The issues addressed in the third protocol were hierarchy, sexism, fragmentation of learning skills, profit, and division between provider and consumer. By this time, the PTP had been approached by the other area medical schools, Tufts and Boston University. As had been predicted by the PTP, no medical schools wanted to implement this program. Reasons varied: it was too expensive; it discriminated against men. As long as the PTP fell within the acceptable range of innovations, exemplified by the “Simulated Patient” programs, it remained an acceptable program. When it confronted basic power relations and current assumptions about the goals of medical education, the PTP became unacceptable to current teaching programs. At this stage, in the summer of 1976, the PTP ended: women received inquiries and sent out the third protocol after that date, but have no longer taught sessions.
What can we learn from the experience of the PTP? One way to evaluate it is to see in what respects the women successfully implemented a reform in physician education. The PTP demonstrated that a group of nonprofessionals could devise and implement a program. By example, then, the women demonstrated within the medical community that “consumers” can educate themselves and become active members in the medical community. The PTP established themselves as credible teachers to both medical students and physicians. By identifying themselves as feminists, the PTP openly brought political awareness and political issues into a teaching situation and confronted sexist attitudes and practices as they emerged in the teaching sessions. In addition, by emphasizing use of common language to describe medical procedures, and by demonstrating how a woman can participate in the examination, they focused on the distinction between provider and consumer and suggested ways that the consumer could gain more power in the encounter through knowledge and skills. They self-consciously went about channeling money into the women’s health movement; and got a good first-hand look at medical education. They created a need for feminists to teach pelvic examinations to medical students. They accomplished this both by their success in the first two phases, and also by their visibility in the women’s health movement by doing this: medical students and health activists read about their success and the way that they went about teaching and meeting as an ongoing group, and saw by their example that it was possible.
The feminists wrote and circulated a manual for teaching pelvic examinations which is still in demand. The PTP gained considerable attention not only in the local medical and women’s communities, but also nationally, through publications and networks. They continue to receive requests for protocols, for copies of their manual, and in general for information about how to implement pelvic teaching programs.12
However, in their own analysis, the PTP concluded that these successes were insufficient to outweigh the time and energy necessitated by the program. Their decision can be better understood if we turn to three issues: first, the PTP lacked a complete understanding of the history of “Simulated Patients” programs; second, the PTP evolved as a semi-autonomous group out of the WCHC, raising the issues of power and communication within a group of collective members and affiliated women, and between the PTP and the WCHC; and third, they carried on an ongoing dialogue about the advisability of instituting an interim reform.
In some respects, the task of the PTP had been made more arduous by their lack of complete knowledge and analysis of other programs. As we have seen, the development of the PTP occurred through its own experiences rather than being shaped by a vision of the eventual outcome.
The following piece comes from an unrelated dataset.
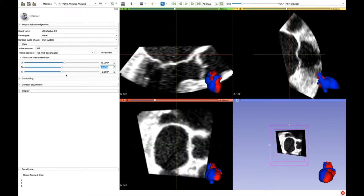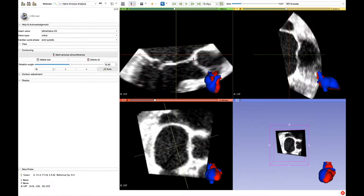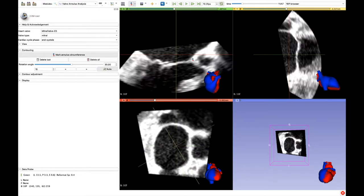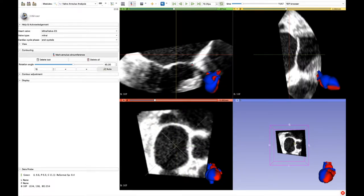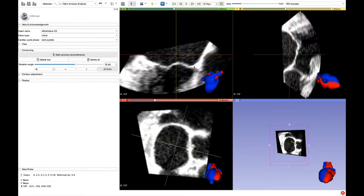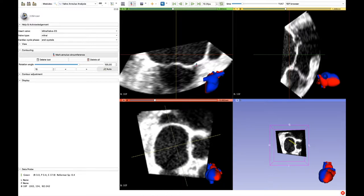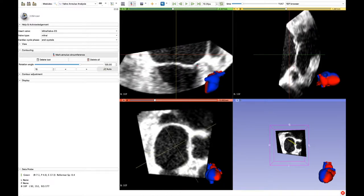Now open the contouring menu, click on Mark Annulus and start placing the 24 reference points starting from the mitral aortic continuity. After each click the next rotational plane will be automatically shown. Remember to place all the marks on the same side of the annulus.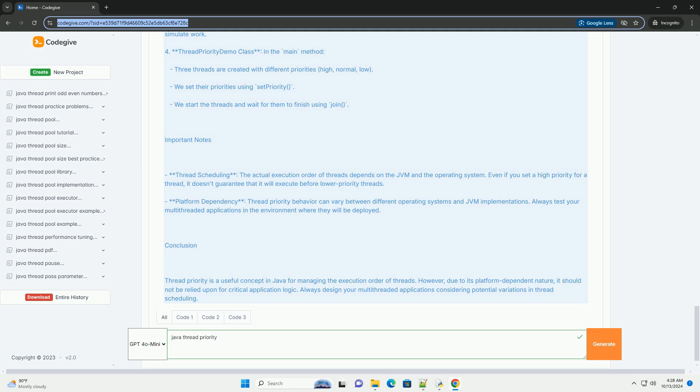Conclusion Thread Priority is a useful concept in Java for managing the execution order of threads. However, due to its platform-dependent nature, it should not be relied upon for critical application logic. Always design your multi-threaded applications considering potential variations in thread scheduling.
When the feminists designed the protocols, it was without a historical analysis of the use of “Simulated Patients” and without a complete overview of contemporaneous programs (having only looked at what had been taught at Harvard previously and screened one videotape of a program in which a physician performed a pelvic examination on a “Simulated Patient”). If they had begun with a complete overview of precedents already set by other innovative “Simulated Patient” programs, they might have chosen other strategies with which to confront Harvard with an educated overview. The first two protocols followed essentially the same lines as “Simulated Patient” programs. What seemed to the feminists, at times, as risky and dangerous at Harvard, had already become institutionalized in other medical schools.
It was with the third protocol that the women were not only devising a better program, but were also explicitly challenging commonly held assumptions about medical care and explicitly stating some of their own political goals: to eradicate hierarchy and professionalism; to have women provide women’s health care; to redefine the distinction between provider and consumer and to empower the consumer vis-a-vis the provider; and finally to challenge the monopoly over money and resources that medical schools have.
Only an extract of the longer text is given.